What drives Adams to tie himself in such knots? Perhaps it is revealed when he argues against the proposed mixed tribunal by writing: “Many of the states that have offered to provide the judges who are supposed to act as a bulwark against attempts to interfere with the integrity of the trial process have shown themselves quite willing in the past to make private deals with the Cambodian government …”.
Adams mentions only one state – China – that “has expressed a willingness” to provide a judge for the tribunal. It hasn’t. Governments that have stated their intention to help a UN-backed trial (which might take the form of providing a judge or providing financial or other assistance) include Australia, Britain, Canada, the European Union, France, India, Russia, Sweden, and the United States.
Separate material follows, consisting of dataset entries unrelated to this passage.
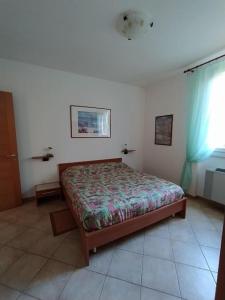 Postel nebo postele na pokoji v ubytování La casa sul lago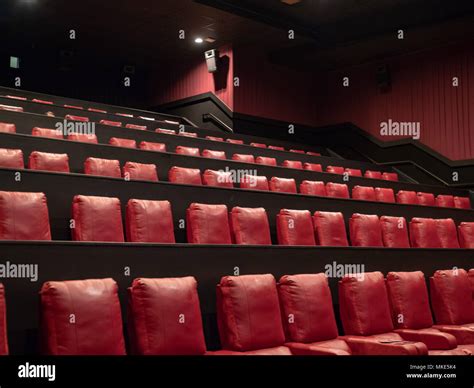 Rows of luxury red movie theater seats in an empty movie theater Stock ...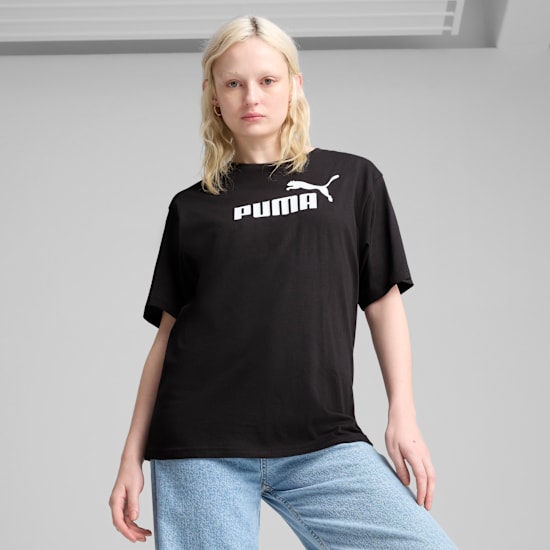 A model poses against a grey backdrop, wearing a black t-shirt with the PUMA logo.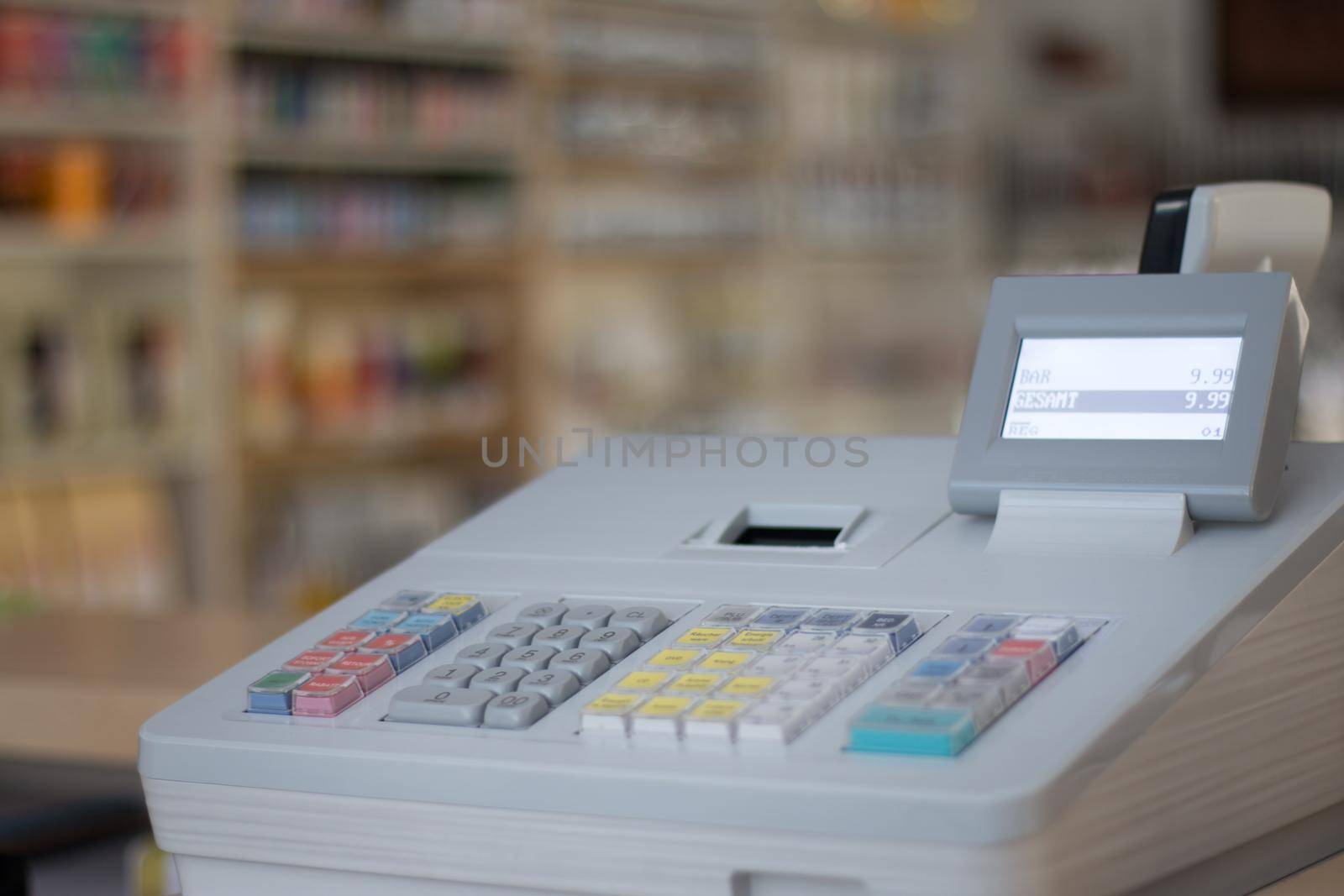 Cash register in a shop: Customer is paying purchase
It would be helpful if Adams could name for Post readers the “many” states from this list which he thinks have done “private deals” with Hun Sen to pervert justice in a KR trial.
But note that Adams’ sweeping accusation doesn’t point to an evil content of any past “deals” between these governments and Cambodia. It seems that, to Adams, the mere act of dealing with the Cambodian government is in itself reprehensible. This prejudice is the sum total of his plea for UN officials to resist rejoining the KR trial process, as they have been asked to do by every member state that has spoken on the subject.